Social Lite

Your crew is safe here.
Image: Christa Wittmier

I really like TheSafehouse. I like it so much that I almost don’t want to talk about it. It’s not very big, and I love that there’s always parking up that ramp. What I like most about it is the location. It’s right between anywhere I would ever need to go on any given night. They open early enough to be the drink destination spot while I’m waiting for everyone else to come out at their standard weekend time of 11:30pm. And they’re open throughout the week, too, so I know I’ll always have a pau hana option. As at The Manifest, you don’t really need to be with anyone when you go there because you can just talk-story with the bartenders. The interior reminds me of Apartment3 a little (RIP), but they have taken on their own identity as the safe little house by the big, crazy ruckus concert venue. I’ve been in there after a show when it seemed the world descended onto the little lounge, bombarding the bartenders for shots. And I’ve been the first one in there on a random weeknight for a finely crafted cocktail. I was the first one there the night they introduced food, and got to chat up Chef Abe Jazmin who rents their kitchen. With experience ranging from the Kahala Mandarin to his own Tiki food truck, he has specific ideas of what food should be like in a bar with two giant chandeliers.

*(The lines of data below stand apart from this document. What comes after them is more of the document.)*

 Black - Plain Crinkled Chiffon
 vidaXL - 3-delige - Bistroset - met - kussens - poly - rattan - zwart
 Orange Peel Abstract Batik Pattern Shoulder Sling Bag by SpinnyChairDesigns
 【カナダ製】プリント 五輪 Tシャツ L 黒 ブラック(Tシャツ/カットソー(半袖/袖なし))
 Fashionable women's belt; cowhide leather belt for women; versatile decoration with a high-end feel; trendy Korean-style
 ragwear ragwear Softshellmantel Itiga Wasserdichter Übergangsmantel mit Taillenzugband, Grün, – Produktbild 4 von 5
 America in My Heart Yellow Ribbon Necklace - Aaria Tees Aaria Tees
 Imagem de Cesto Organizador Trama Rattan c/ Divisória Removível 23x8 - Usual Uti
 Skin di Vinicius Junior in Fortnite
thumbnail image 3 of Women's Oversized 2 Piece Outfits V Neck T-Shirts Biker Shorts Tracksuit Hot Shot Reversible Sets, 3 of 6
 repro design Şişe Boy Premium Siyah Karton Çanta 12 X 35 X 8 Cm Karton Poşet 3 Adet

Even though Safehouse has been open for a month or two by now, it seemed a lot of people I know hadn’t had a chance to check it out. Last Wednesday changed that, as DJs Compose and Anit, and bartender superstar Maria Burke launched their new weekly event, The Crush. With Chinatown taking as long as midnight to pick up on most Wednesdays, it’s nice to have an earlier option for non-service industry people (a.k.a. me) to go. I didn’t expect so many others to arrive early, but they did. If this becomes a new Wednesday trend, that’s fine with me.

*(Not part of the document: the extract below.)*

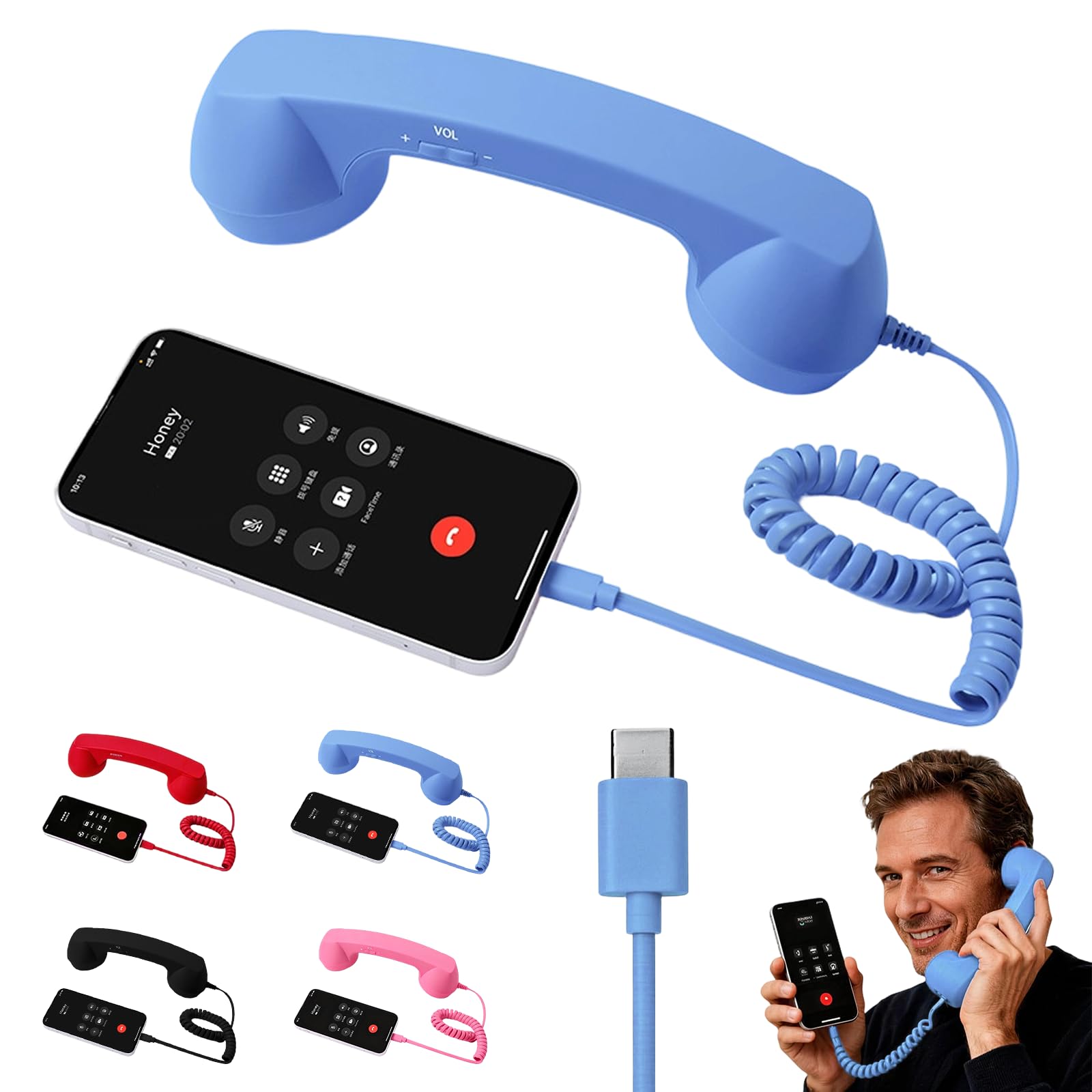 Retro Phone Handset for iPhone & Android, 2026 New Type-C Wired Receiver with Microphone & Speaker, Vintage Landline Style Handle for Noise Cancelling Calls, Meetings, and Home Office Desk Use (Pink) — view 9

Safehouse is also starting a Saturday weekly called Treatment with a mod squad of creatives behind the tables that should be a nice alternative to whatever else is going on. With DJs like Grady Gillan (from the Aloha Friday zine and website), Davey Shindig (from 808mixtapes) and artist Marika Emi, I don’t think anyone will be hearing Rihanna unless it’s a Plastic Plates remix.

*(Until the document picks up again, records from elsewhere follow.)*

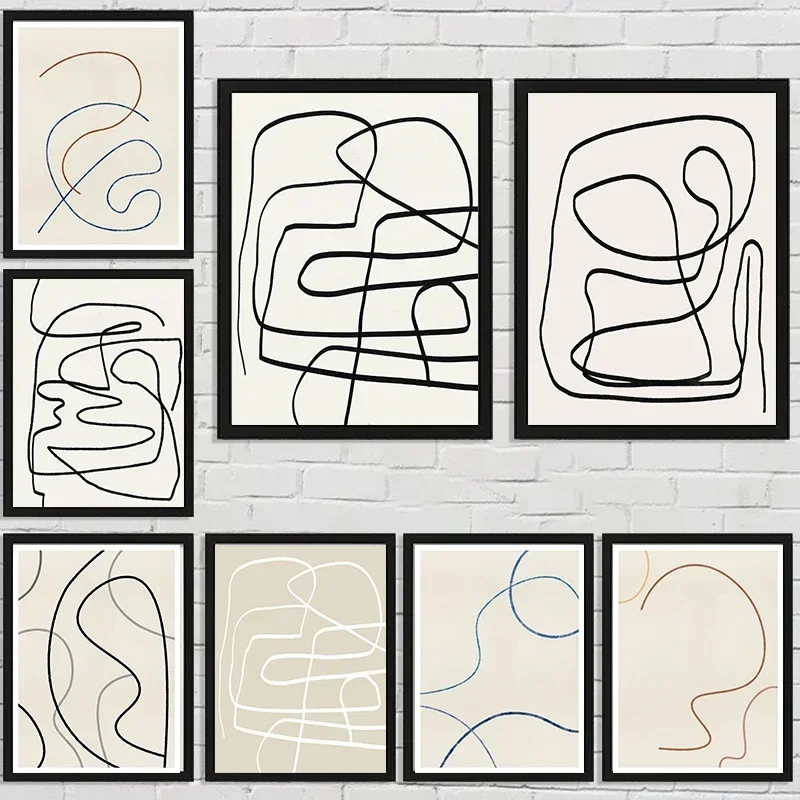1 Stück rahmenloses Leinwandbild, skandinavische nordische Poster, abstraktes Leinwandbild mit Linienmuster, Wandbild im Mid-Century-Stil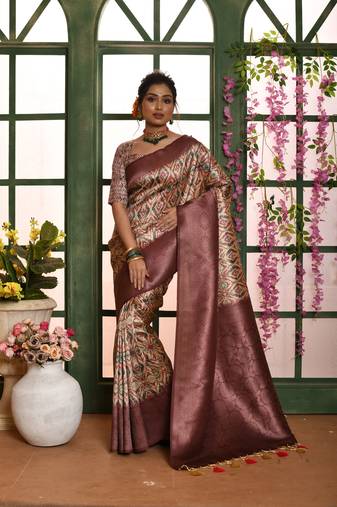 Purple Soft Silk Zari Weaving Saree Festive Wear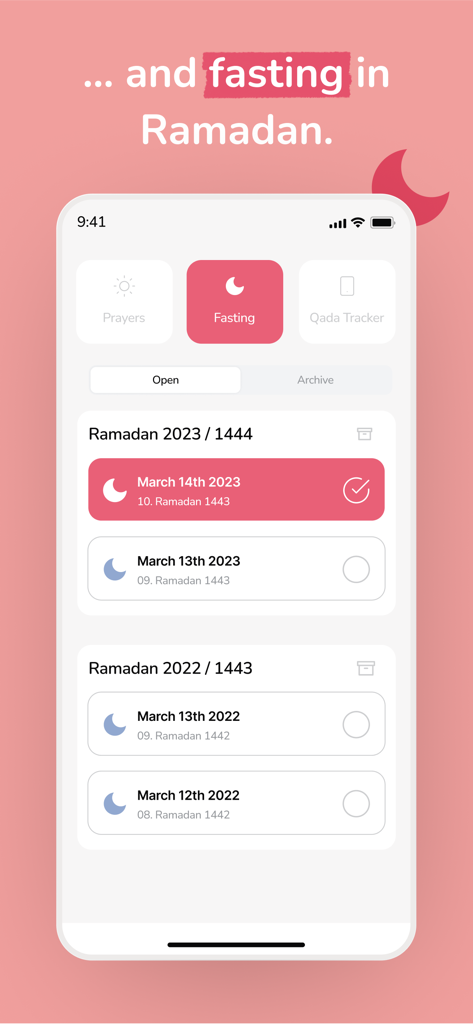 Waliya app interface showing the fasting tracker for Ramadan and missed fasts records
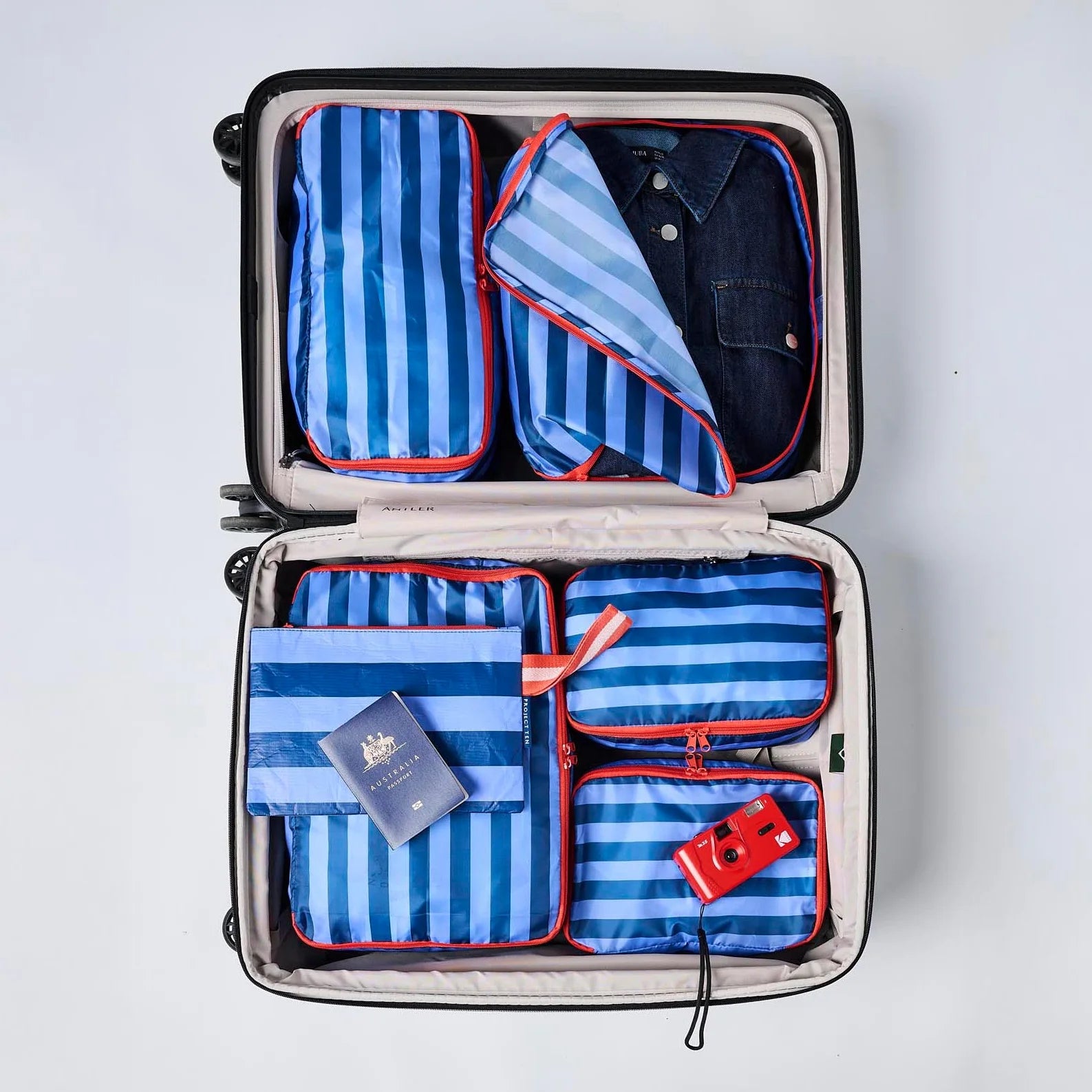 Project Ten Packing Cube Set Blue Stripe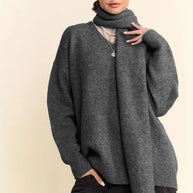 Davi & Dani V-Neck Dropped Shoulder Sweater with Scarf-Sweaters-Trendsi-Dark Gray-S-[option4]-[option5]-[option6]-[option7]-[option8]-Shop-Boutique-Clothing-for-Women-Online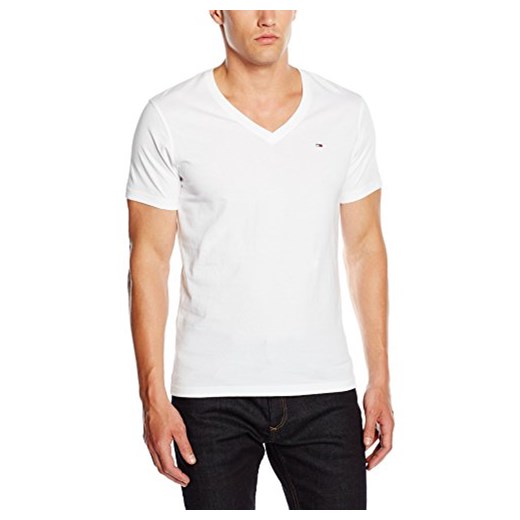 T-shirt Hilfiger Denim Original vn knit s/s dla mężczyzn, kolor: biały bialy Hilfiger Denim sprawdź dostępne rozmiary Amazon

“I hate the word eclectic when describing music, but that’s the vibe we’re going for,” Gillan told me after a Facebook posting in which he wrote, “I promise you’ll hear your favorite song.” There are a lot of people out there (myself included) that enjoy a wider variety of music when they’re out–from Stevie Wonder to Daft Punk to Talking Heads to anything CLASSIXX. It’s definitely not for the masses, but it’s not like the little lounge can hold them all, anyway.

The party being free will help. I’m going to be real curious to see how crowds receive the Treatment after listening to the bands next door. I’ll definitely be there.